Maybe your site is not all that easily navigated....? You've got 4 links there in your signature.


----------



## phinds (May 7, 2016)

Jim Beam said:


> Maybe your site is not all that easily navigated....? You've got 4 links there in your signature.


Only one of which says "Wood ID".


----------



## Jim Beam (May 7, 2016)

Whatever man. That's the one I clicked. Are you done berating me?


----------



## Kevin (May 7, 2016)

That's a magnificent piece. Cliff told me that even he cannot tell the difference between HRB and PHB. I don't think he was lying when he said that. His source for it had to remind him that he had bought PHB and not HRB after Cliff had been marketing it that way. Whatever Cliff may be he is no dummy when it comes to exotics so if he could not tell I know for damn sure I cannot tell the difference.

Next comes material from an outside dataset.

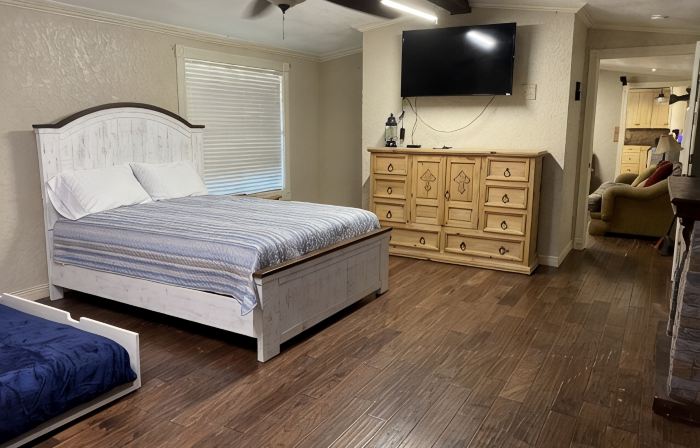 Waterfront 2 Bedroom Home- South Toledo Bend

The stuff I *did* get from him in a trade as HRB he later told me was actually PHB but he didn't know it at the time because they are so similar. I believe him on that as well. You might want to contact him to help you ID this stuff but honestly like he told me once he can't tell the difference either. 

Some burls are like charlatans. Almost impossible to identify.


----------



## Blueglass (May 7, 2016)

PHB? Not sure on the acronym although I'm sure I'll say doh when I see it.


----------



## Kevin (May 7, 2016)

Purpleheart burl.

Reactions: Thank You! 1


----------



## phinds (May 7, 2016)

Kevin said:


> Some burls are like charlatans. Almost impossible to identify.


Amen to that.


----------